When a picture appears in the listing, leave it out and copy the rest exactly as it stands.

_DATA BELOW_
....
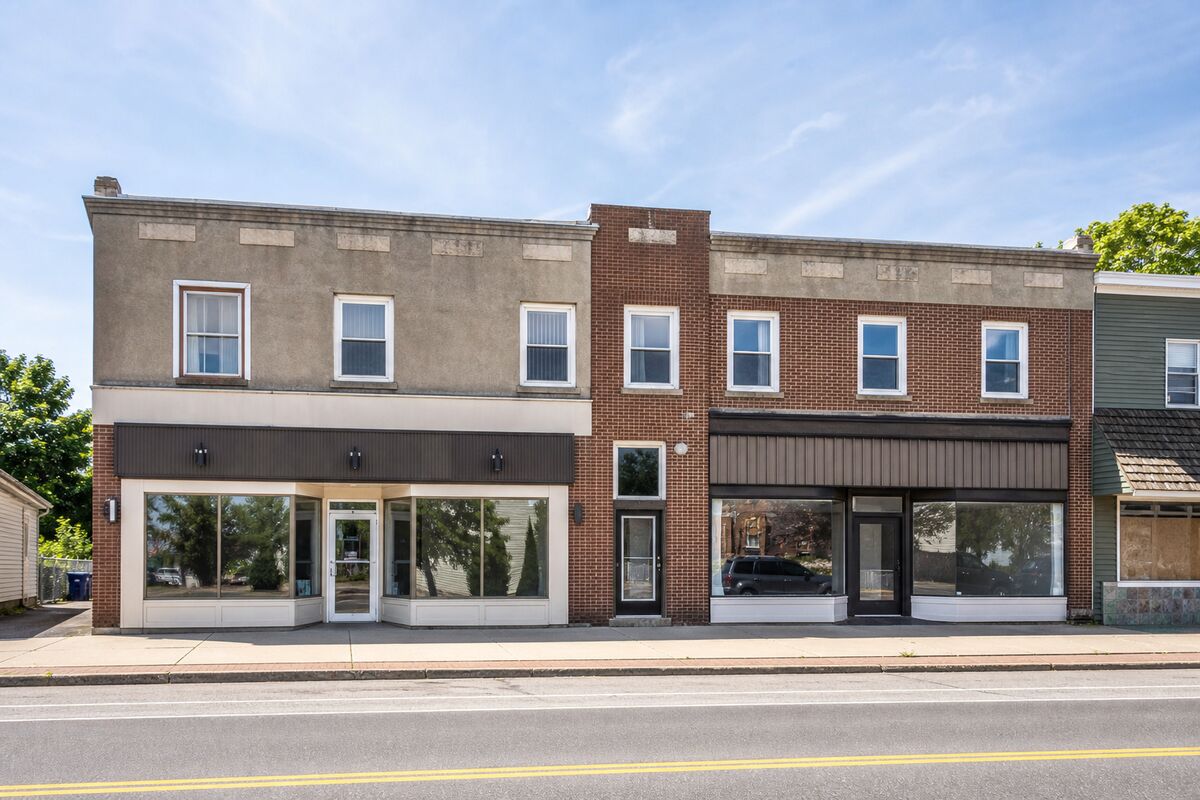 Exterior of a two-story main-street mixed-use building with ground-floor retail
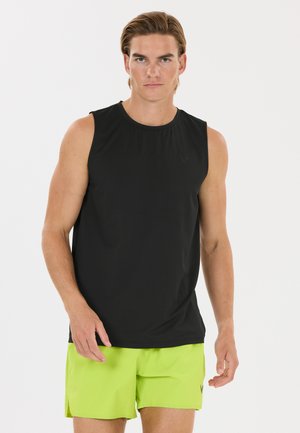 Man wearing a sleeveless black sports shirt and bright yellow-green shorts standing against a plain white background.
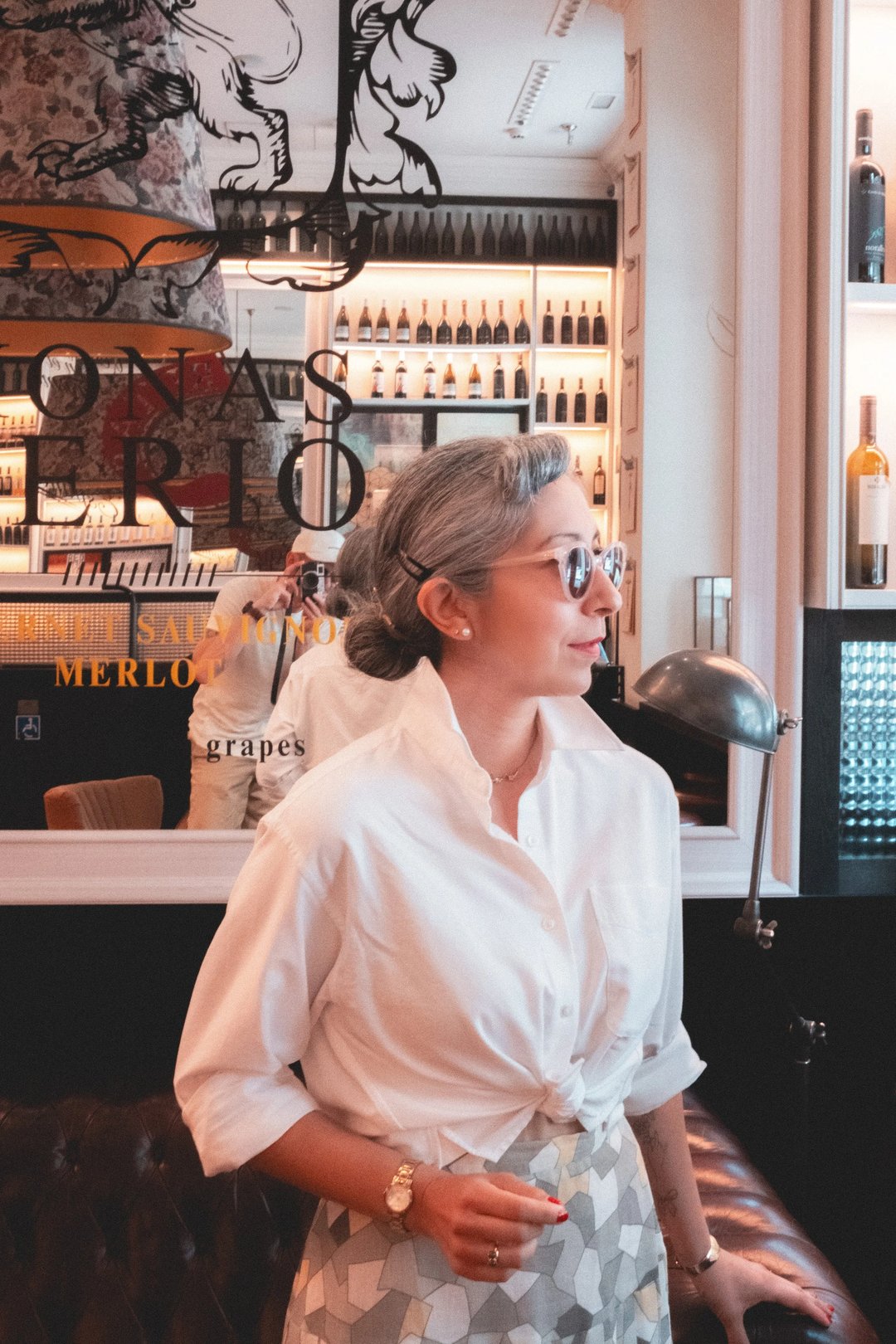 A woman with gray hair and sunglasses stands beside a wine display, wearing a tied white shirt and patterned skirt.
....
_WRITTEN SOLUTION_
 Exterior of a two-story main-street mixed-use building with ground-floor retail
 Man wearing a sleeveless black sports shirt and bright yellow-green shorts standing against a plain white background.
 A woman with gray hair and sunglasses stands beside a wine display, wearing a tied white shirt and patterned skirt.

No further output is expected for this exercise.